Fox batted .207 with a .305 on-base percentage in 75 games before the injury.
Then came the trade, which took place a year after the Giants spent big money to sign Fox.
"That's what made me so surprised," Fox said, "but that's the business side of it. I'm happy to be here."
A-Rod, Jeter and Lindor
Fox's grandfather Willard followed the Yankees back home in Nassau. Fox's dad, Lucius Sr., was a Yankees fan. So …
"I loved the Yankees. Alex Rodriguez and Derek Jeter. That was their team and we always watched them, so they became my team, also," Fox said. "Then as I got older I started keying in on certain players and tried to model my game off theirs."
Jose Reyes was one.
"It's (Indians shortstop) Francisco Lindor right now," Fox said. "He's one that I really watch and see how he does things.

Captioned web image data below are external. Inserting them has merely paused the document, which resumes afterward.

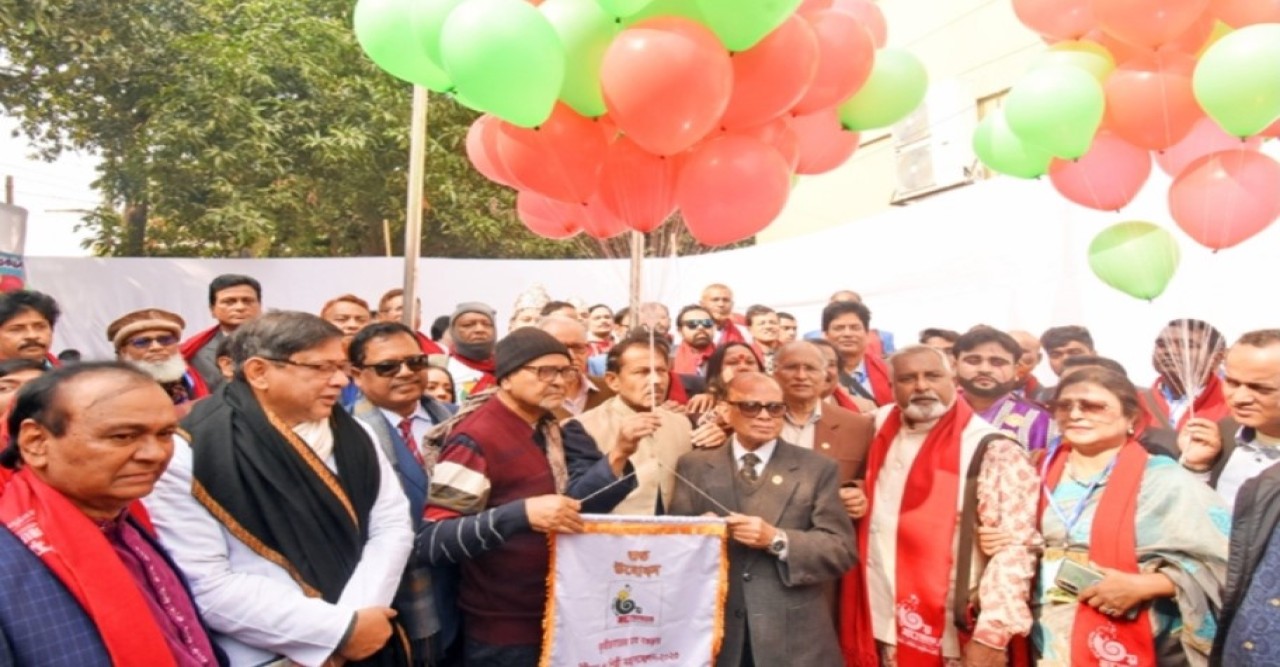 বগুড়ায় দুই দিনব্যাপী ৩য় গুণীজন ও শিল্পী মহাসম্মেলন
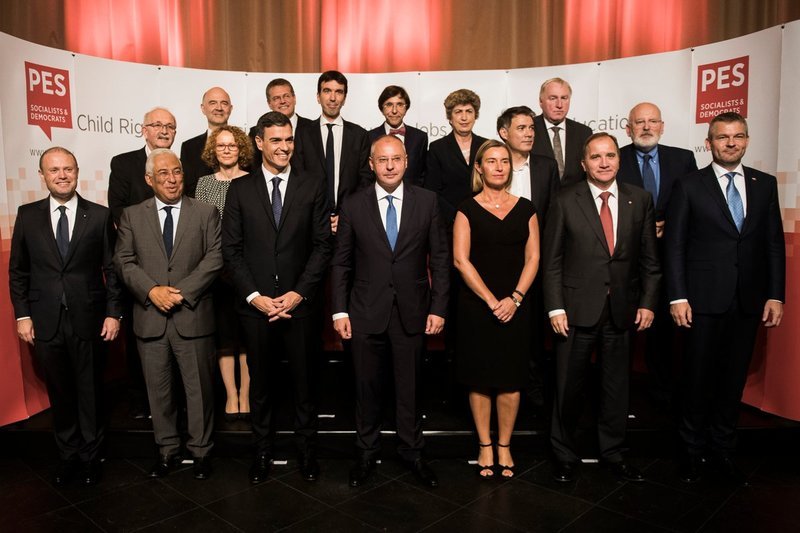 Τσίπρας και Ευρωπαίοι Σοσιαλιστές τα ’ψαλαν στη Φώφη, ενώ εκείνη έλειπε! [εικόνες] | iefimerida.gr 0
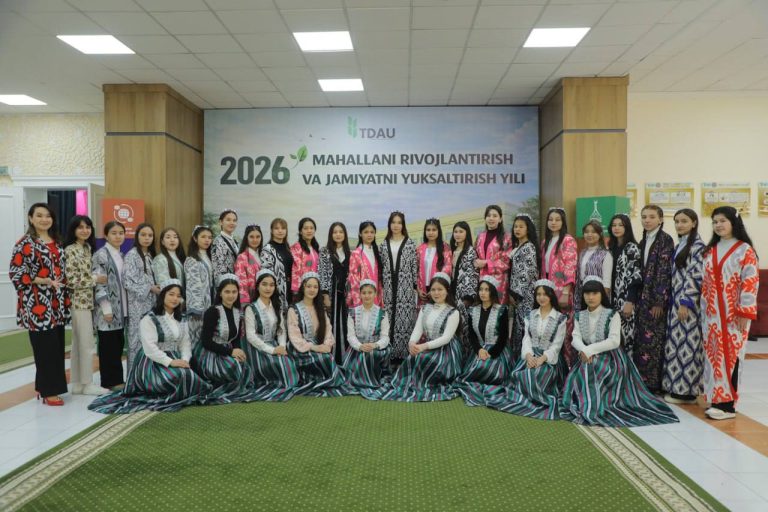 A national costume show titled &laquo;Tarannum&raquo; and &laquo;Yoshlik Fasli&raquo; was held at the Tashkent State Agricultural University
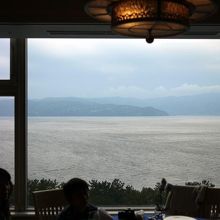 個室のお部屋には広い窓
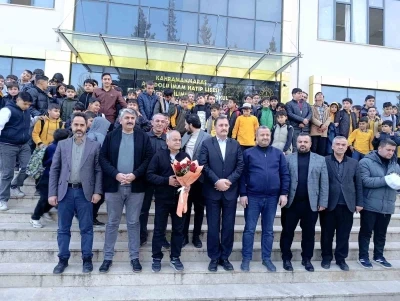 40 yıllık &ouml;ğretmen duygusal t&ouml;renle emekliye uğurlandı
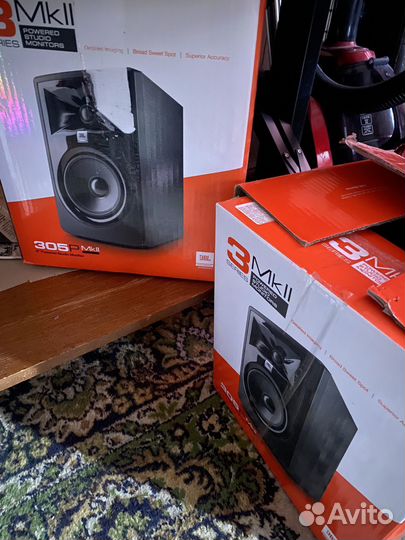 Студийные мониторы JBL 305p mkii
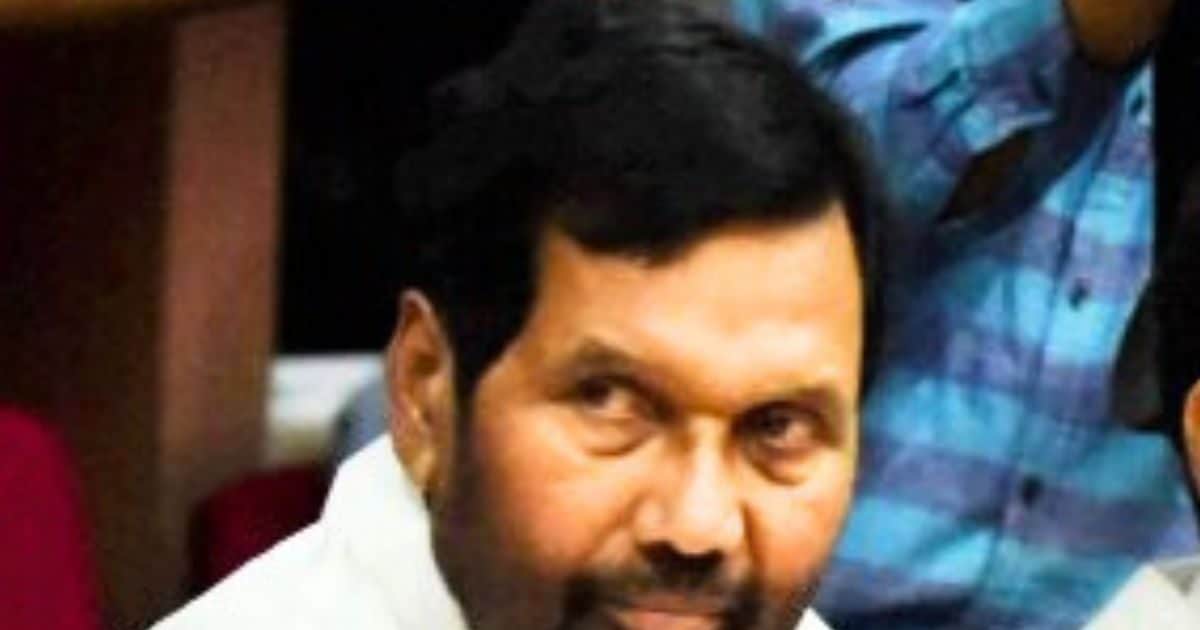 सर्वेंट नहीं, गवर्नमेंट बनेंगे… नौकर नहीं सरकार रहेंगे, कहते हुए छोड़ दी डीएसपी की नौकरी, रामविलास पासवान की यात्रा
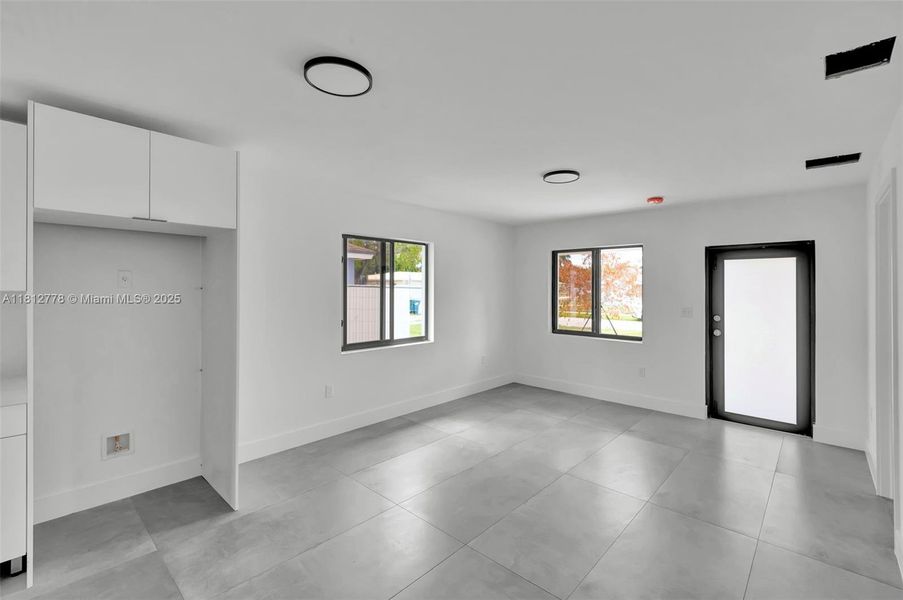 Spacious, unfurnished interior of a new home in , Miami Gardens (Image 26).
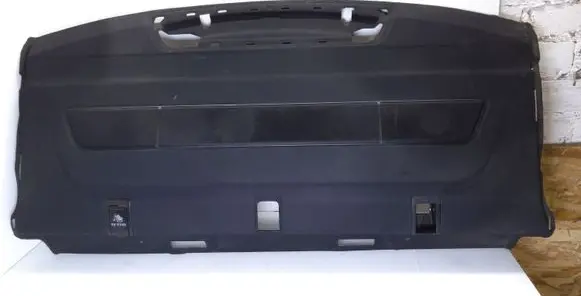 Parcel shelf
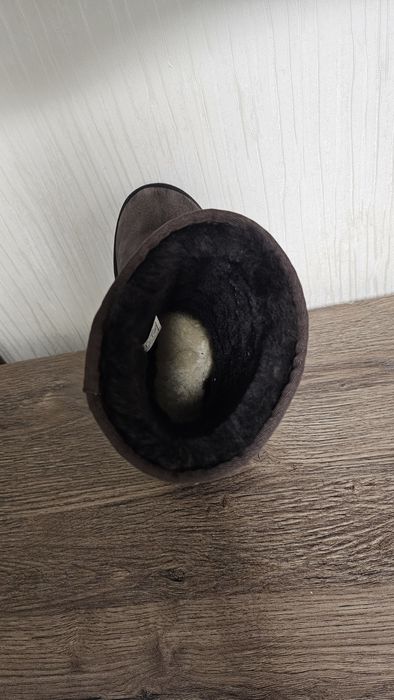 Продам сапожки UGG 43р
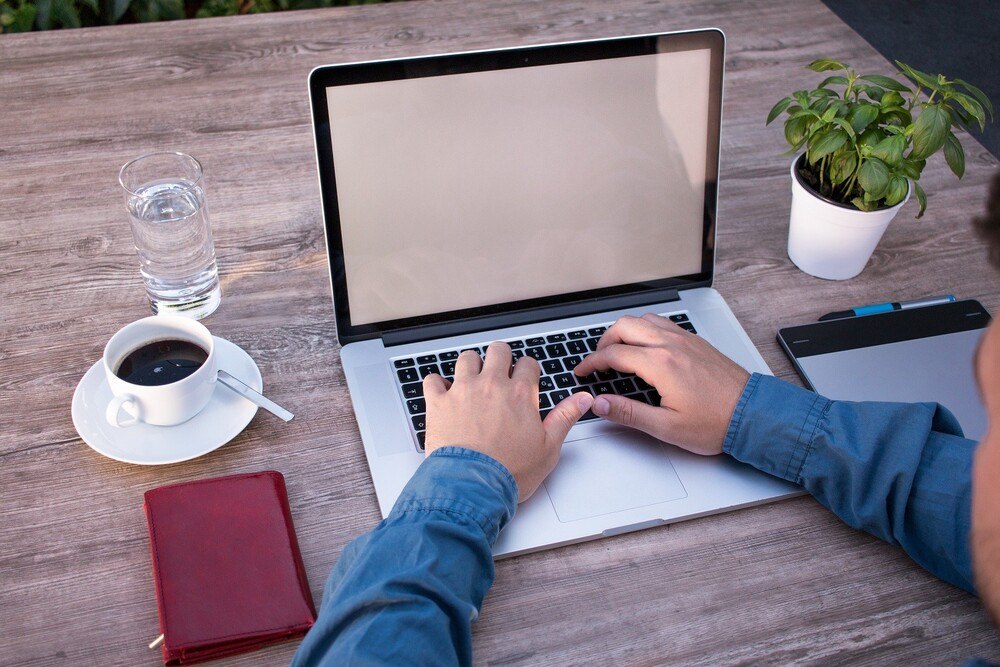 Arbeiten aus dem Homeoffice ist Alltag geworden in Zeiten von Corona. Das Digital Team Österreich unterstützt KMU dabei kostenlos mit wichtigen Tools.
© Lukas Bieri/Pixabay Arbeiten aus dem Homeoffice ist Alltag geworden in Zeiten von Corona. Das Digital Team Österreich unterstützt KMU dabei kostenlos mit wichtigen Tools.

I try to put his game into my game, try to work like him. But he's a good person to watch, you know. He's talented."
Fox spends the offseason in Miami. He works out at Bommarito Sports in Davie alongside Miguel Cabrera and Hanley Ramirez. Also working at the complex were Cowboys running back Ezekiel Elliot, Dolphins receiver Jarvis Landry, Steelers running back Le'Veon Bell and Giants receiver Odell Beckham Jr.
When asked if he showed Beckham how to catch a football with two hands, Fox laughed and said, "I'll let him stick to what he does best. I'll stick to baseball."
He said he does run pass routes and is learning to throw a football as part of his conditioning.
"I'm working on it," he said. "I think it's about 75 percent right now. When I try to get it out far it's kind of like (wobbly). It's way different than throwing a baseball."
Fox will begin the season at low A Bowling Green.
He hopes to reach the big leagues by the time he is 22. He hopes to remain at shortstop, but if he is moved to centerfield, he will embrace the move.
He wants to realize the dream that began when he was 7 and introduced to a foreign sport.
"People asked me all the time if I had a Plan B, because I always said I wanted to be a professional baseball player," he said. "I told them I don't have a Plan B, honestly. I was just thinking baseball, baseball, baseball. I never had a fallback plan, so I'm just going to work hard here and hopefully have a long career in the major leagues."